Beroep ingesteld op 29 april 2024 – JPMorgan Chase en JPMorgan Chase Bank, National Association/Commissie

(Zaak T-226/24)

Procestaal: Engels

Partijen

Verzoekende partijen: JPMorgan Chase & Co. (New York, New York, Verenigde Staten), JPMorgan Chase Bank, National Association (Columbus, Ohio, Verenigde Staten) (vertegenwoordigers: M. Lester en P. Luckhurst, Barristers-at-Law, A. Pliego Selie en R. Warning, advocaten)

Verwerende partij: Europese Commissie

Conclusies

De verzoekende partijen verzoeken het Gerecht:

de Europese Commissie (hierna: „Commissie”) te gelasten verzoeksters rente en/of het gegarandeerd rendement te betalen over het bedrag van de geldboete die is opgelegd bij het besluit van de Commissie van 7 december 2016 in zaak AT.39914 – Rentederivaten in euro (EIRD), zoals nietig verklaard door het Gerecht bij arrest van 20 december 2023, ter vergoeding van de schade die verzoeksters hebben geleden doordat het bedrag van de geldboete voor hen niet beschikbaar was tussen de voorlopige betaling van de geldboete door verzoeksters op 6 maart 2017 en de nietigverklaring van de geldboete door het Gerecht (hierna: „relevante periode”);

voorts, of subsidiair, het in de brief van de Commissie van 20 februari 2024 vervatte besluit houdende weigering van betaling van vertragingsrente en/of compensatierente en/of het gegarandeerd rendement van de geldboete nietig te verklaren;

de Commissie te verwijzen in de proceskosten van verzoeksters.

Middelen en voornaamste argumenten

1.    Ter ondersteuning van hun verzoek om de Commissie te gelasten om hun rente en/of het gegarandeerde rendement te betalen, voeren verzoeksters één middel aan, dat uit vier onderdelen bestaat.

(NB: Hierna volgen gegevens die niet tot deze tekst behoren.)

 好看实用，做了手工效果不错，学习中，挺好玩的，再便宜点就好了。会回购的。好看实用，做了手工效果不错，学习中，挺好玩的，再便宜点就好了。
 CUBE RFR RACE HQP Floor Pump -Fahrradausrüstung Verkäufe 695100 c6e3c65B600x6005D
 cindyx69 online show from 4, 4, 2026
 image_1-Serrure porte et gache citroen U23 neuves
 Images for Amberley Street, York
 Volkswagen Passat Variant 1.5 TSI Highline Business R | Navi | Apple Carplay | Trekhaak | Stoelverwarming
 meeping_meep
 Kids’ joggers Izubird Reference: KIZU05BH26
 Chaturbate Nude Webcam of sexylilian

Eerste onderdeel: verzoeksters hadden en hebben recht op rente over de geldboete op grond van de artikelen 266, 268 en/of 340 VWEU. Verzoeksters hebben recht op vertragingsrente tegen het overeenkomstige herfinancieringstarief van de ECB (namelijk 0 %), vermeerderd met 3.5 procentpunten. Subsidiair hebben verzoeksters recht op compensatierente tegen de Federal Funds Effective Rate (Amerikaanse interbancaire rente) om rekening te houden met het verlies van hun rendement op de voor de betaling van de geldboete gebruikte fondsen.

Tweede onderdeel: verzoeksters hebben recht op aanvullende rente over de door de Commissie ten onrechte ingehouden bedragen.

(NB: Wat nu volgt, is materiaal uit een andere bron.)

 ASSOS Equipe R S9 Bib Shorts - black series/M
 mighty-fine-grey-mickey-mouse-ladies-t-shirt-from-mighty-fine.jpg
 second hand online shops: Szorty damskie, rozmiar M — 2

Derde onderdeel: de Commissie is verplicht het bedrag aan te geven van het gegarandeerde rendement dat tijdens de betrokken periode is behaald over de boete en, indien dit rendement positief was, een dergelijk rendement aan JPMC te betalen (als compensatie voor de verschuldigde rente).

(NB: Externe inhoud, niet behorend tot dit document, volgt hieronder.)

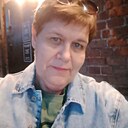 Наталья, 54 года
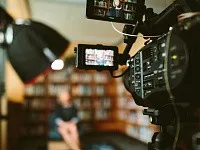 Кто может стать лидером мнений и как использовать инфлюенс-маркетинг для развития бизнеса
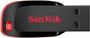 Imagem de Pen drive 64 gb sandisk usb 2.0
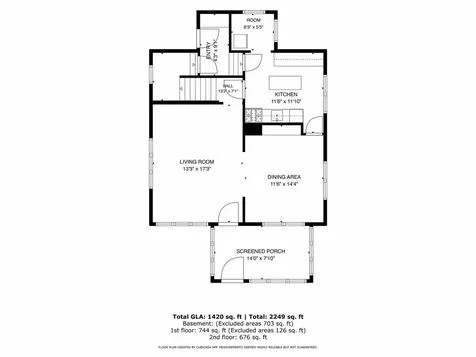 4200 29th Avenue S Minneapolis MN 55406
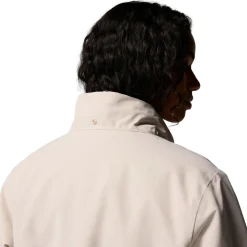 New - Women's Pulaski Parka - Mantel Wanderbekleidung|Winterjacken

Vierde onderdeel: de Commissie kan zich niet aan de betaling van rente onttrekken met een beroep op het feit dat het Gerecht op 20 december 2023 een nieuwe geldboete heeft opgelegd. In de relevante periode bestond er immers geen rechtmatige geldboete.

2.    Ter ondersteuning van hun verzoek tot nietigverklaring van het besluit van de Commissie om geen rente en/of gegarandeerd rendement te betalen, voeren verzoeksters één middel aan: door te weigeren aan verzoeksters rente en/of het gegarandeerde rendement te betalen, heeft de Commissie het recht onjuist toegepast en/of een kennelijke beoordelingsfout gemaakt. In het bijzonder vormt deze weigering een schending van de krachtens artikel 266 VWEU op de Commissie rustende verplichtingen.